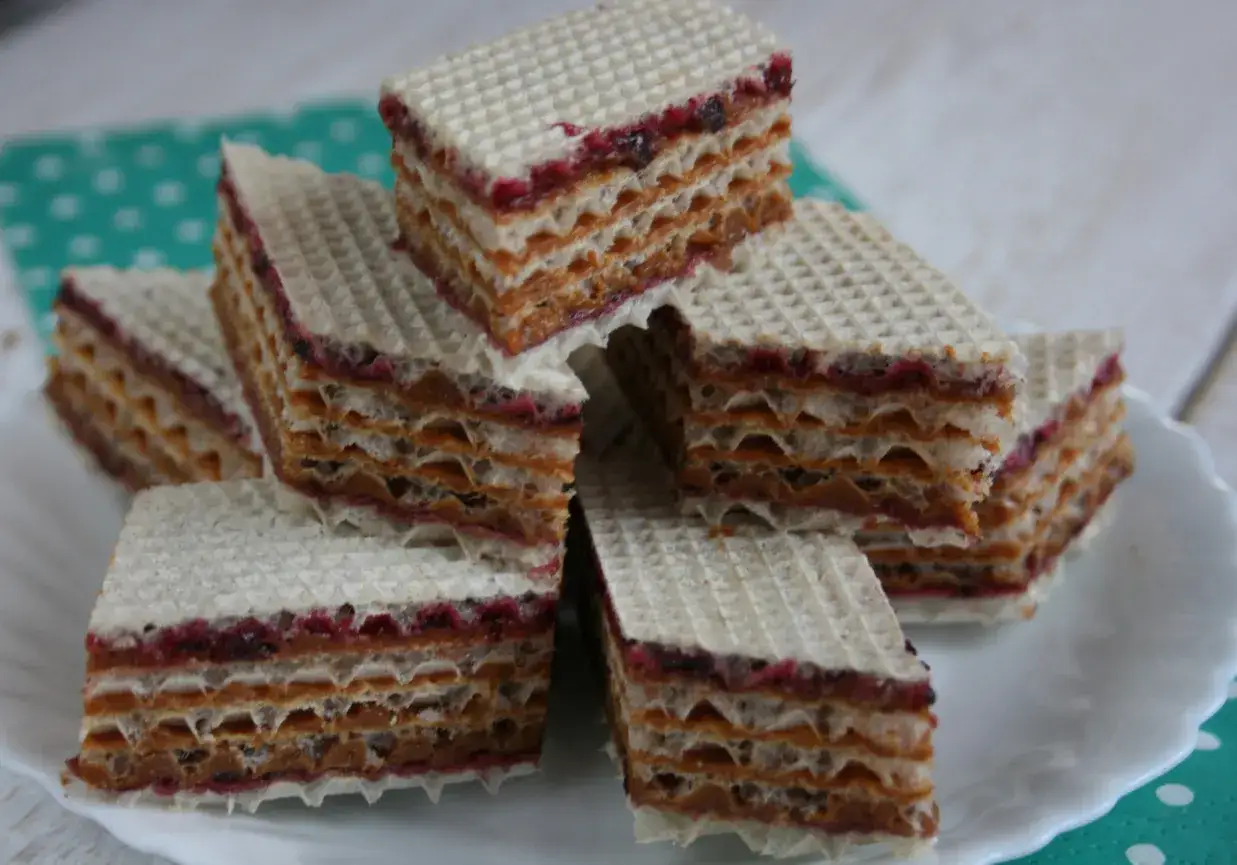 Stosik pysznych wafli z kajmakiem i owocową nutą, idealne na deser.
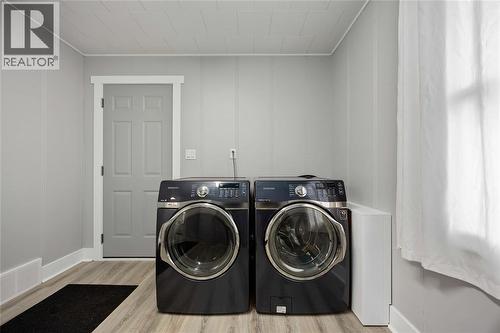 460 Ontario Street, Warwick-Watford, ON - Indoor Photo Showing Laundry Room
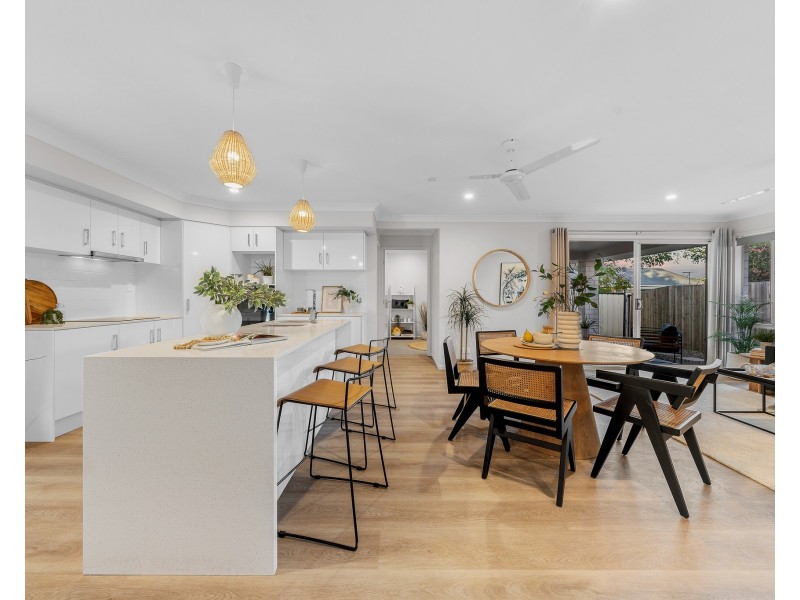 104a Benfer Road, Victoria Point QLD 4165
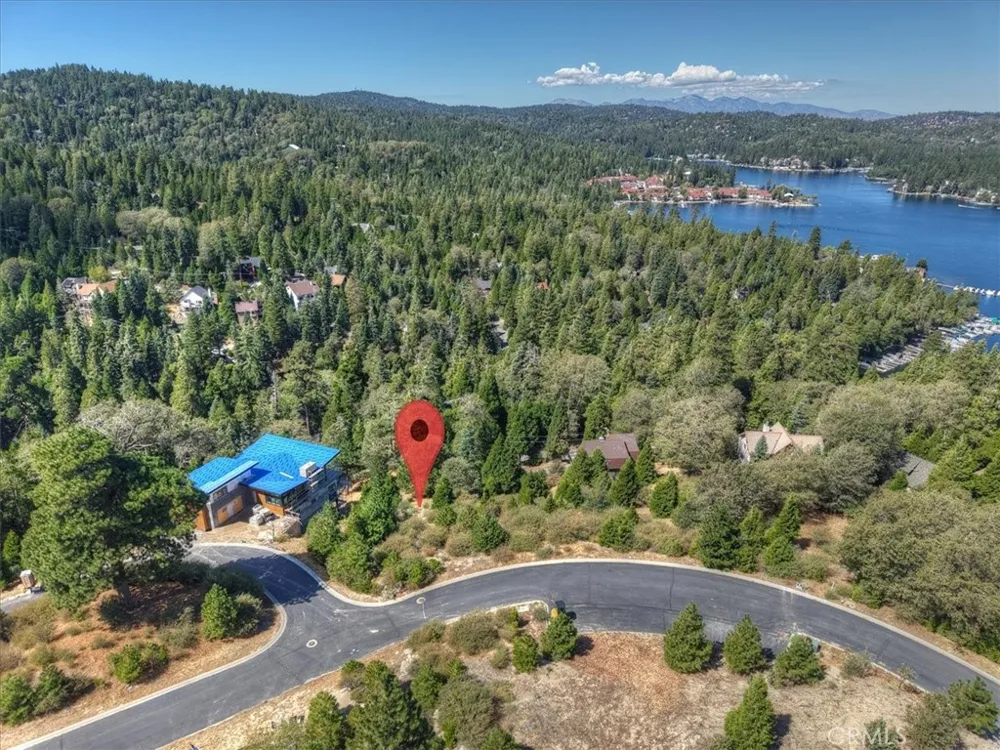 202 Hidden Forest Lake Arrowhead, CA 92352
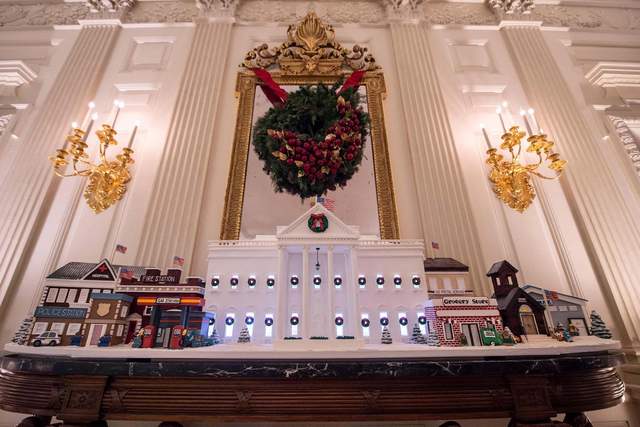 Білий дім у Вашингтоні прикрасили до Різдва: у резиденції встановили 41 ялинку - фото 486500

#####

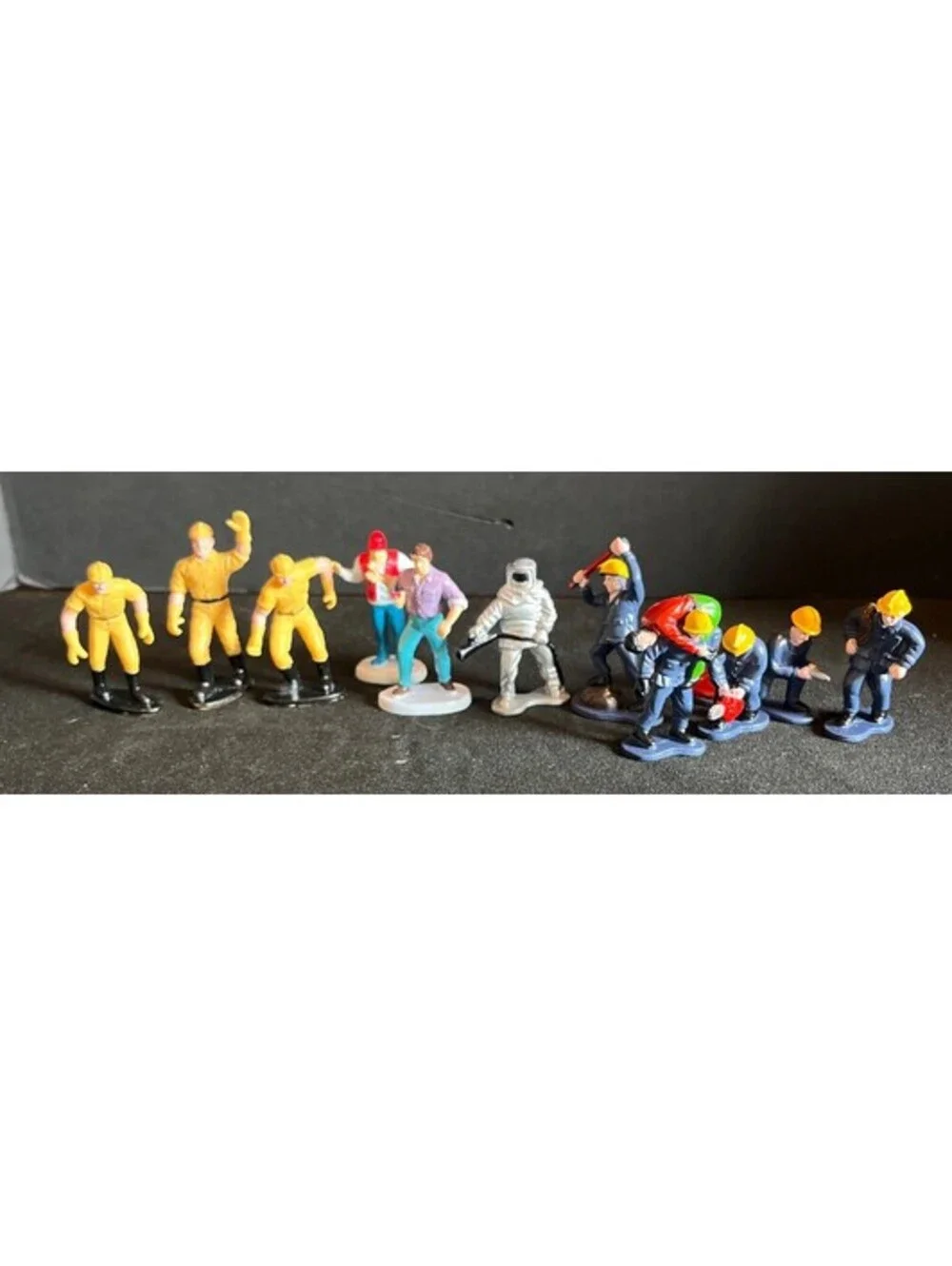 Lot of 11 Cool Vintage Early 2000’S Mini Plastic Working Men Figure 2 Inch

#####

From the records above, extract the lines from the one holding "104a Benfer Road, Victoria Point QLD 4165" through the one holding "Білий дім у", word for word; omit the pictures.

 104a Benfer Road, Victoria Point QLD 4165
 202 Hidden Forest Lake Arrowhead, CA 92352
 Білий дім у Вашингтоні прикрасили до Різдва: у резиденції встановили 41 ялинку - фото 486500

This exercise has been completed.